I became obsessed with emptiness. Trying to find a moment to photograph the absence of people, noise and confusion. I felt strange in China, caught in a weird dichotomy of being consistently surrounded by people, yet experiencing some of the most acute loneliness I have ever felt. I would run at 5AM, seeking out the companionship of exercise and lack of people. Yet even at 5AM, there were flocks of E-bike riding fisherman, still drunk prostitutes, old grannies in house slippers, and families on picnics. I didn’t have in place a coping mechanism for this. So I stopped taking photos of people and started to find emptiness. It became a challenge, a game, a pursuit that had me often looking up towards the sky and waiting awkwardly near buildings.
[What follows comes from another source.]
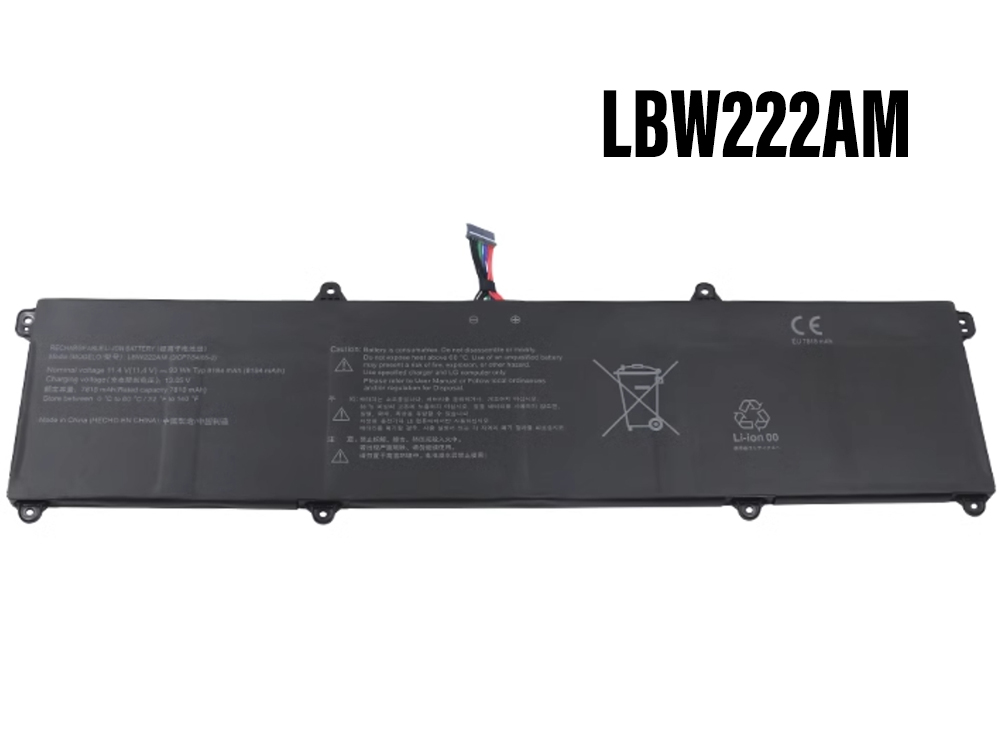 Batterie ordinateur portable LBW222AM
When I arrived back in the states, I finally had a chance to look though my film. I never thought any of the photos I took were particularly amazing, nor did they fit in the neat box of over-romanticized ancient China. Sorting through the images, I could see my thought behind each one, and remember the near-desperation of some of the frames. I wanted something clean, and empty. The emptiness was a relief, something very defined. It never actually relieved the loneliness inside – that is far too complicated a mission for photography to achieve.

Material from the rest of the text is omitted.